Liliana and Evolutionary Leap speculation
Spoilers, Rumors, and Speculation forum
Posted on July 19, 2015, 11:40 a.m. by roundhk
What do you guys think about these cards? Some people say that Evolutionary Leap would take Birthing Pod's place in modern and will play in some tribal standard decks.
And about Liliana, I really don't know if her pw form is that much. Like, it can work well with aggro decks, but can it really make top 8 in standard? And in modern, does it have a chance?
julianjmoss says... #3
Evolutionary leap is a very different card but it could also help dredge decks in modern. It's a card a lot of people will try and pick up and brew with but its price is very dependent on its success which none of us can predict
July 19, 2015 11:52 a.m.
Lilly is not that great of a card. evol leap is a whole other animal all together. When leap is out with green mana up, You can not interact with my creatures properly. All removal spells turn into blanks.

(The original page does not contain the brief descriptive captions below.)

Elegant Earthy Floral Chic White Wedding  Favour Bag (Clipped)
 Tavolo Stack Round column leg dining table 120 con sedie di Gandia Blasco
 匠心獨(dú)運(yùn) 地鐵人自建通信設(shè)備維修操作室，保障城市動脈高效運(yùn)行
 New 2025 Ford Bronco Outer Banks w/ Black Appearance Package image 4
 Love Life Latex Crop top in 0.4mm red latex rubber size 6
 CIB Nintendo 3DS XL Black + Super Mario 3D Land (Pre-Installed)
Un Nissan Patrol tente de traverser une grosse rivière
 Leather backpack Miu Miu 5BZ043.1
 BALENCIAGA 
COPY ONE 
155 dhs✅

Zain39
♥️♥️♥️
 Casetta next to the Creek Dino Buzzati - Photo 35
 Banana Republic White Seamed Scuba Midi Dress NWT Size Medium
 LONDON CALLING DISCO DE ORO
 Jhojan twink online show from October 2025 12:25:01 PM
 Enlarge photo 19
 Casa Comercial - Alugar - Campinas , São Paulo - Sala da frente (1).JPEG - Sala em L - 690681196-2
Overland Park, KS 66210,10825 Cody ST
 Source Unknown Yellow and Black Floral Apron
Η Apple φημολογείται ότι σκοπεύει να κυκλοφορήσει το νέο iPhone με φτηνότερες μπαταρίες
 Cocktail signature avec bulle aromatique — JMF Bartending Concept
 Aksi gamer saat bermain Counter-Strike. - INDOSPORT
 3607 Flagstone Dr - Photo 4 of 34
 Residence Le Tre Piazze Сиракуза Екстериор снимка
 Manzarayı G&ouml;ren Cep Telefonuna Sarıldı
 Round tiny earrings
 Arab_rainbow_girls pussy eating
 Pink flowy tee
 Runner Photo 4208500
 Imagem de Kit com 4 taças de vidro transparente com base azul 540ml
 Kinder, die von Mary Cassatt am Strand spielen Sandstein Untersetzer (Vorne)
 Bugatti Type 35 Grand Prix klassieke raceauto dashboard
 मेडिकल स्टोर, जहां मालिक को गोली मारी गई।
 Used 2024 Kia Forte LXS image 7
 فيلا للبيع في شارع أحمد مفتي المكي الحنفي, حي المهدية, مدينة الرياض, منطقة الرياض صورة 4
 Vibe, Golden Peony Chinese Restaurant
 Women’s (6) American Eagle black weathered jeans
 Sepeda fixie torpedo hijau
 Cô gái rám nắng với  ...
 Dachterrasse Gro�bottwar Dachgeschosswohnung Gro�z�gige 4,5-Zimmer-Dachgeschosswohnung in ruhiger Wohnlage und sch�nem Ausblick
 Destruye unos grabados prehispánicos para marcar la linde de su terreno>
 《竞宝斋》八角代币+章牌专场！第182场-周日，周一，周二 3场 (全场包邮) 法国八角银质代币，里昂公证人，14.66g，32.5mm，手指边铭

Here is an example of a standard deck with leap. Red Goblins tokens with Pile Driver and Rabblemaster as your only creatures and the rest are tokens and burn spells. When you block a token, sac it and get either creature because it is the only creature cards in your deck. You can card select 8 times total and you know how many creatures you have left in your deck. Leap is a nasty card but you have to build a deck for it. Tokens are gross with leap because it turns them into real cards. 3 Hordling outburst tokens becomes 2 piledrivers and 1 rabblemaster.
In a weenie deck you can swing with all your creatures because what ever gets blocks you just turn it into another creature.
How about a 24 creature one drop deck with leap? You know you can cast whatever you draw because they all cost the same.... 1 mana.
Just some thoughts with leap and the deck building potential is very high.
July 19, 2015 12:10 p.m.
I've picked up my Evolutionary Leaps and I'm brewing like hell with it in Modern. It's really fun to play with. In the right deck, it can be great, but there's always the potentially to trip into a blank. I'm treating it as the new Collected Company at the moment. Company was like an inconsistent Pod, Leap is like an inconsistent Survival of the Fittest.
I'm playing Lili as a one of in Anafenza Company at the moment and it seems like a really cool value card in certain situations, though. I'm not sure it's ever going to be a Modern staple, though.
July 19, 2015 12:21 p.m.
Leap is nothing like SurvivalOTF. This requires the card to be cast which is an extra cost, survival only requires that the card is in hand. Survival is cheaper and easier to use from a mana perspective.
Leap would be great if you could choose the creature, but seeing as you can't, it's not useful.
July 19, 2015 1:17 p.m.
All that means is they belong in two different decks.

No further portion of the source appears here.